* [Exercise prompt]
For this exercise, write out only the lines of the entries below from the one with "Bed With All" up to and including the one with "Red Wool Antique", exactly as they are. Pictures stay out.
--- Extracted records Enclosed Below ---
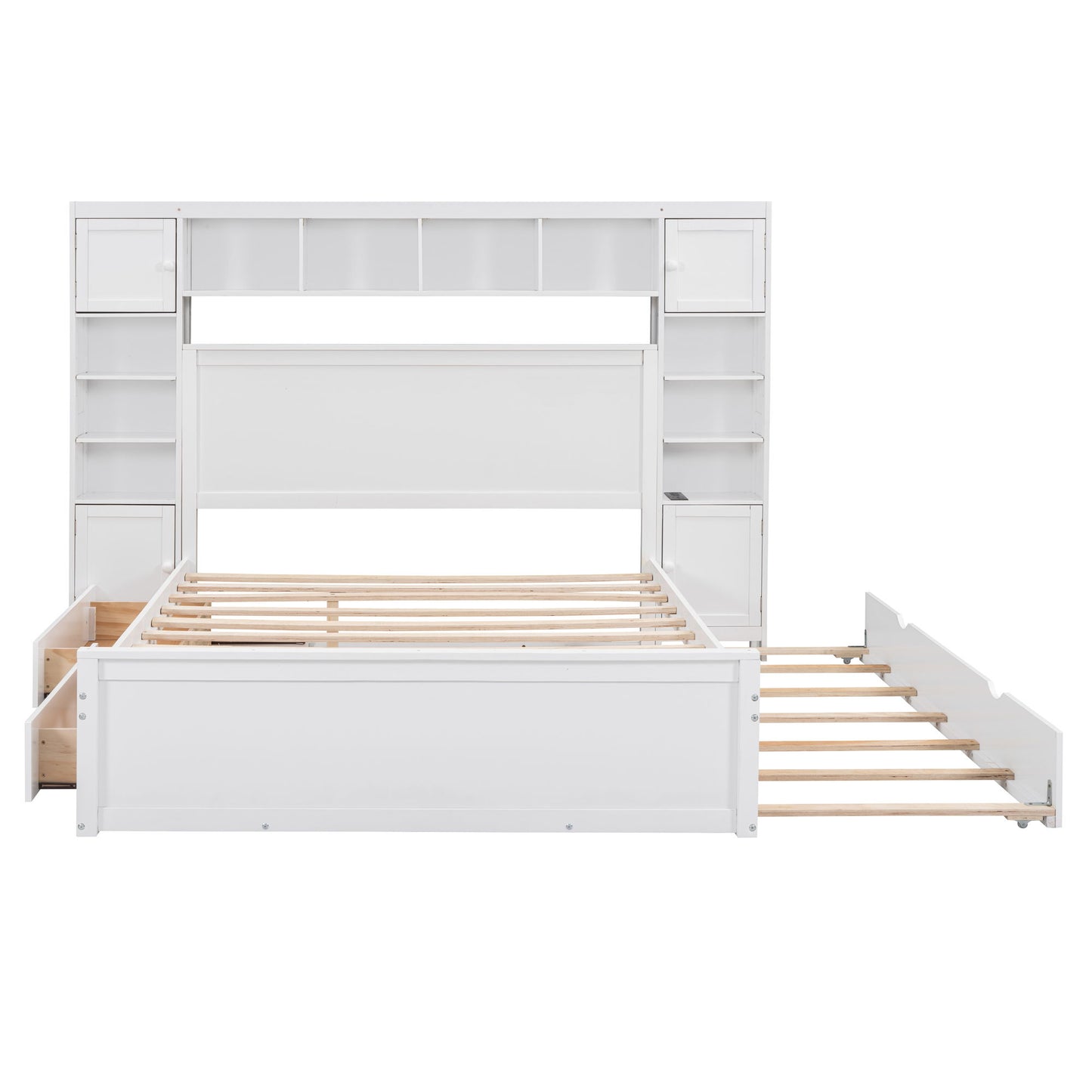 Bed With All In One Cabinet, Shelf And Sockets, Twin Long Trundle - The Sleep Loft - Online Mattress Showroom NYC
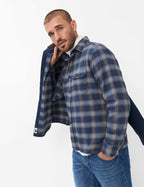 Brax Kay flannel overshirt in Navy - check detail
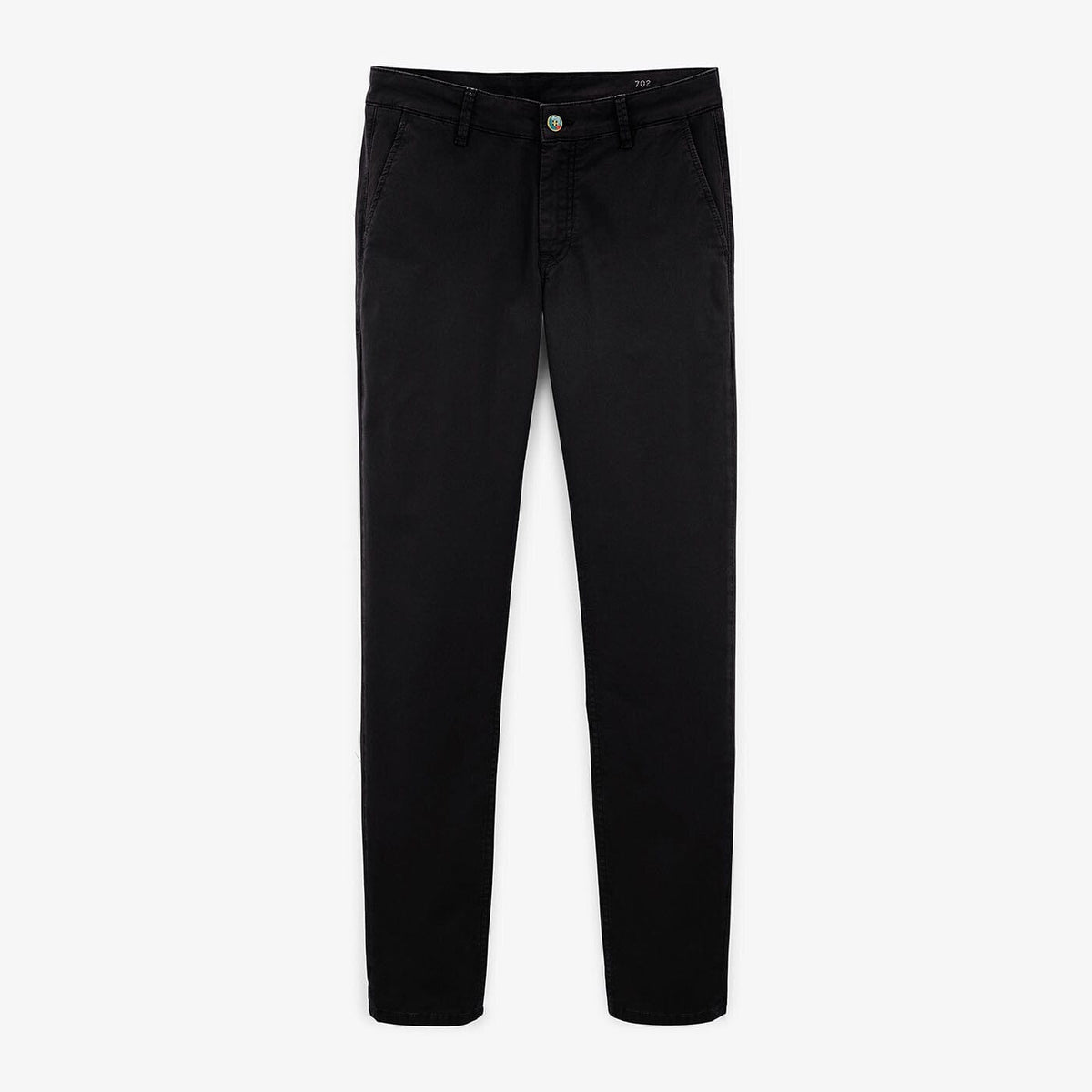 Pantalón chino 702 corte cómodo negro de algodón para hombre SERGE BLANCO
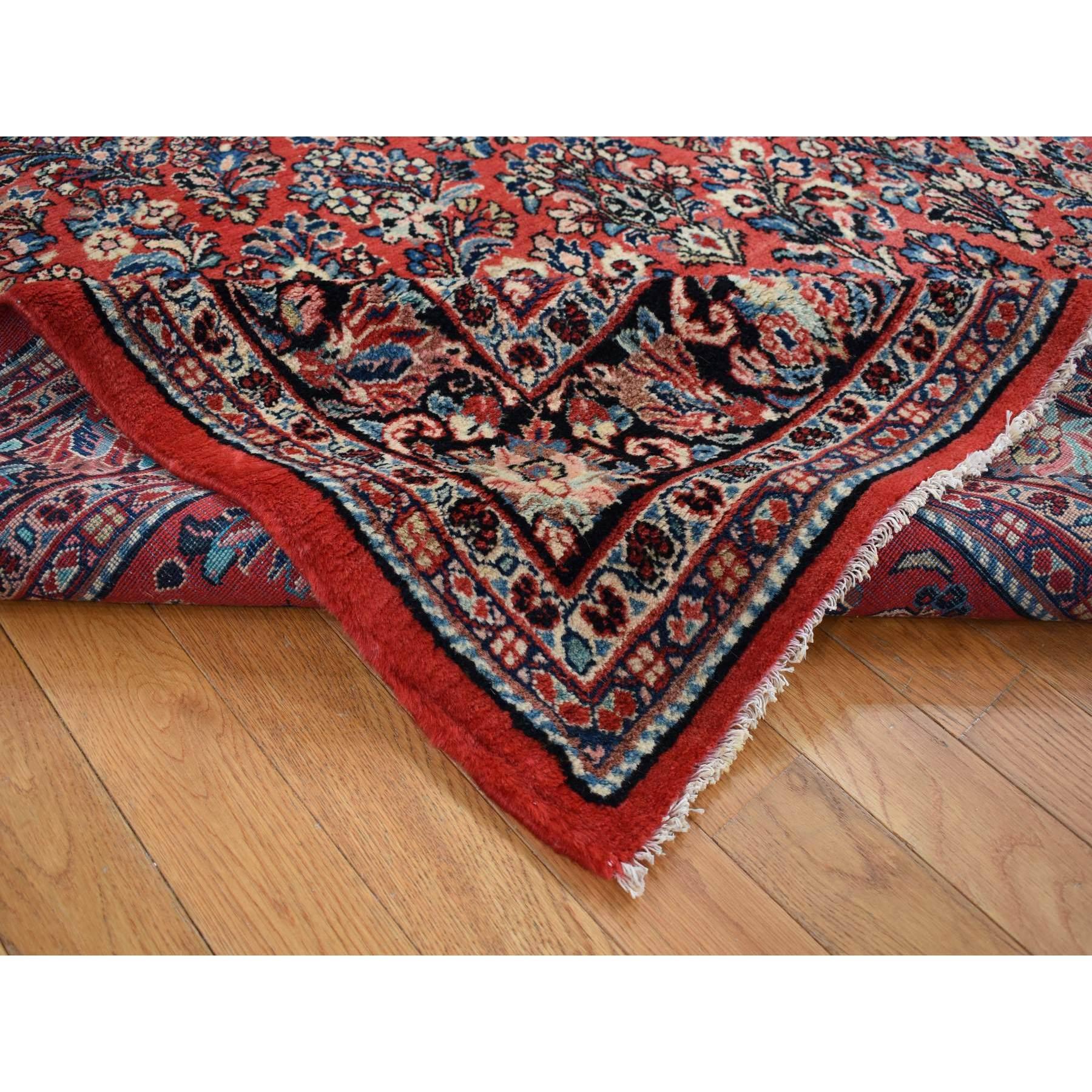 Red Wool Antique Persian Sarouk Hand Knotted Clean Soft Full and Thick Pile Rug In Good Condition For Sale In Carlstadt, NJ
--- End of Enclosed Extracted records ---
--- Extracted records Enclosed Below ---
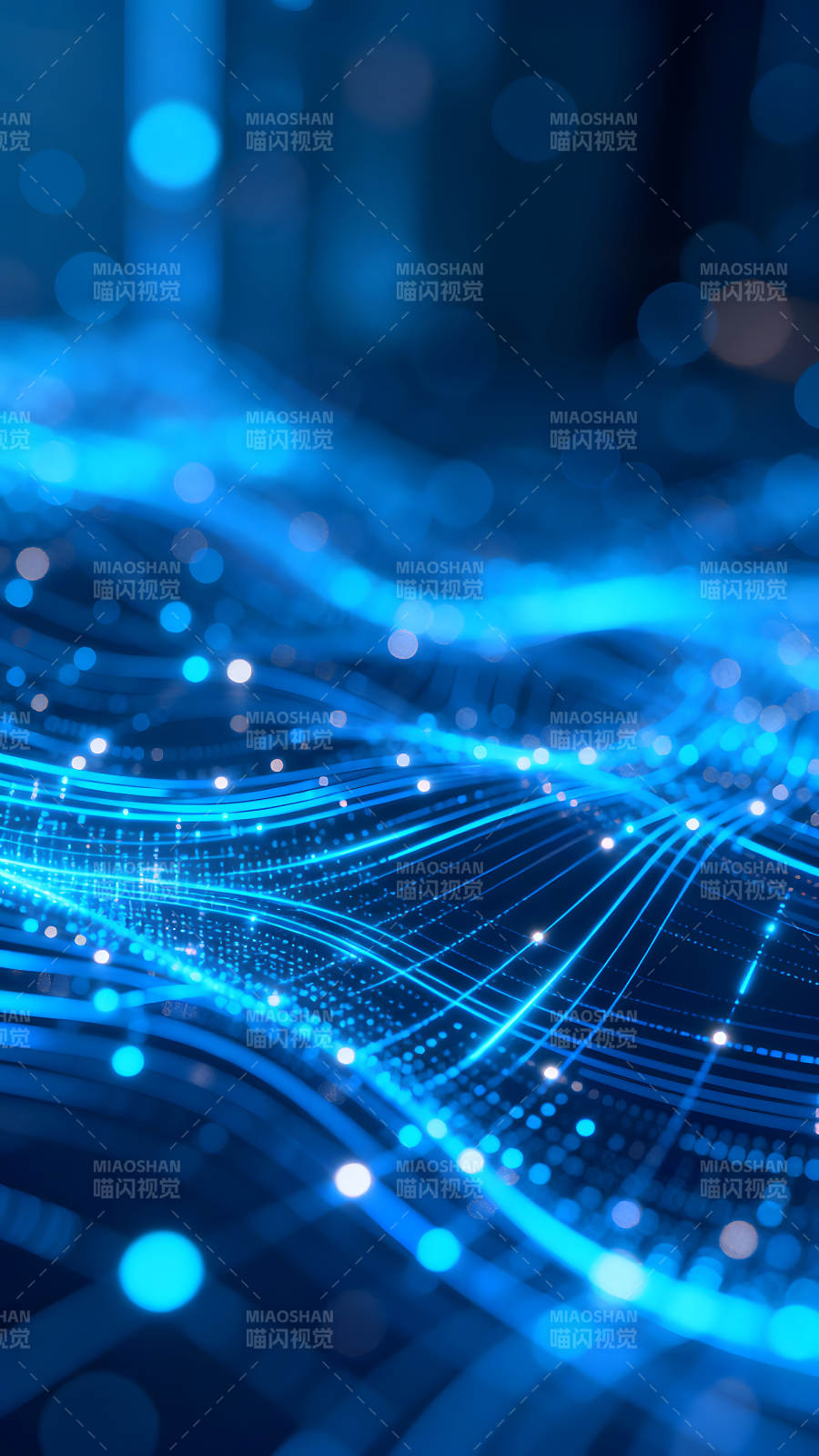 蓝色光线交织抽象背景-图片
--- End of Enclosed Extracted records ---
* [Output below]
 Bed With All In One Cabinet, Shelf And Sockets, Twin Long Trundle - The Sleep Loft - Online Mattress Showroom NYC
 Brax Kay flannel overshirt in Navy - check detail
 Pantalón chino 702 corte cómodo negro de algodón para hombre SERGE BLANCO
 Red Wool Antique Persian Sarouk Hand Knotted Clean Soft Full and Thick Pile Rug In Good Condition For Sale In Carlstadt, NJ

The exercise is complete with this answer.